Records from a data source

──────

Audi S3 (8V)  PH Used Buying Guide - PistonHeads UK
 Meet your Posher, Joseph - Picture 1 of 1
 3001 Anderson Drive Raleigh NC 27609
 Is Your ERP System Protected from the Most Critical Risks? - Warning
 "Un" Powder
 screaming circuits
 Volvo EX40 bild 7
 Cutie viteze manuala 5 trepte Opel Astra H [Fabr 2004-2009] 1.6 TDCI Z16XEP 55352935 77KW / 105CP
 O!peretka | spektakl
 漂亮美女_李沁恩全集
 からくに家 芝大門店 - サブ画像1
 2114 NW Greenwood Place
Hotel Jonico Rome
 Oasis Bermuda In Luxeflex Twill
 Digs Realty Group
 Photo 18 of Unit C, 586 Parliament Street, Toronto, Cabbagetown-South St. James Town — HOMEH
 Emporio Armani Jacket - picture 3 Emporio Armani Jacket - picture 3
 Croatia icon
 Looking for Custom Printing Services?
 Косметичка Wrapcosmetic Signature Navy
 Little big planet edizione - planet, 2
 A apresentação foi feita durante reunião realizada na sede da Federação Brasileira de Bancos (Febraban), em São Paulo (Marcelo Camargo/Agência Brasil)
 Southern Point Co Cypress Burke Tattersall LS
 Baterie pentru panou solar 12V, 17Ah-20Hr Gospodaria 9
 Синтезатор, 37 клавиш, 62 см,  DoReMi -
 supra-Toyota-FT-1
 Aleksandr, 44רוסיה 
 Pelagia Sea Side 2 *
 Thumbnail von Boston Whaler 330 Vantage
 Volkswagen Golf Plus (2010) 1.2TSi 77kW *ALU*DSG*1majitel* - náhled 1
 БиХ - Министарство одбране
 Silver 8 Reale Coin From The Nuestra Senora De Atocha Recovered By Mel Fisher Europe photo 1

──────

▸ **Instructions for the task**
What is wanted is the complete set of entries, returned verbatim.

▸ **Task response**
Audi S3 (8V)  PH Used Buying Guide - PistonHeads UK
 Meet your Posher, Joseph - Picture 1 of 1
 3001 Anderson Drive Raleigh NC 27609
 Is Your ERP System Protected from the Most Critical Risks? - Warning
 "Un" Powder
 screaming circuits
 Volvo EX40 bild 7
 Cutie viteze manuala 5 trepte Opel Astra H [Fabr 2004-2009] 1.6 TDCI Z16XEP 55352935 77KW / 105CP
 O!peretka | spektakl
 漂亮美女_李沁恩全集
 からくに家 芝大門店 - サブ画像1
 2114 NW Greenwood Place
Hotel Jonico Rome
 Oasis Bermuda In Luxeflex Twill
 Digs Realty Group
 Photo 18 of Unit C, 586 Parliament Street, Toronto, Cabbagetown-South St. James Town — HOMEH
 Emporio Armani Jacket - picture 3 Emporio Armani Jacket - picture 3
 Croatia icon
 Looking for Custom Printing Services?
 Косметичка Wrapcosmetic Signature Navy
 Little big planet edizione - planet, 2
 A apresentação foi feita durante reunião realizada na sede da Federação Brasileira de Bancos (Febraban), em São Paulo (Marcelo Camargo/Agência Brasil)
 Southern Point Co Cypress Burke Tattersall LS
 Baterie pentru panou solar 12V, 17Ah-20Hr Gospodaria 9
 Синтезатор, 37 клавиш, 62 см,  DoReMi -
 supra-Toyota-FT-1
 Aleksandr, 44רוסיה 
 Pelagia Sea Side 2 *
 Thumbnail von Boston Whaler 330 Vantage
 Volkswagen Golf Plus (2010) 1.2TSi 77kW *ALU*DSG*1majitel* - náhled 1
 БиХ - Министарство одбране
 Silver 8 Reale Coin From The Nuestra Senora De Atocha Recovered By Mel Fisher Europe photo 1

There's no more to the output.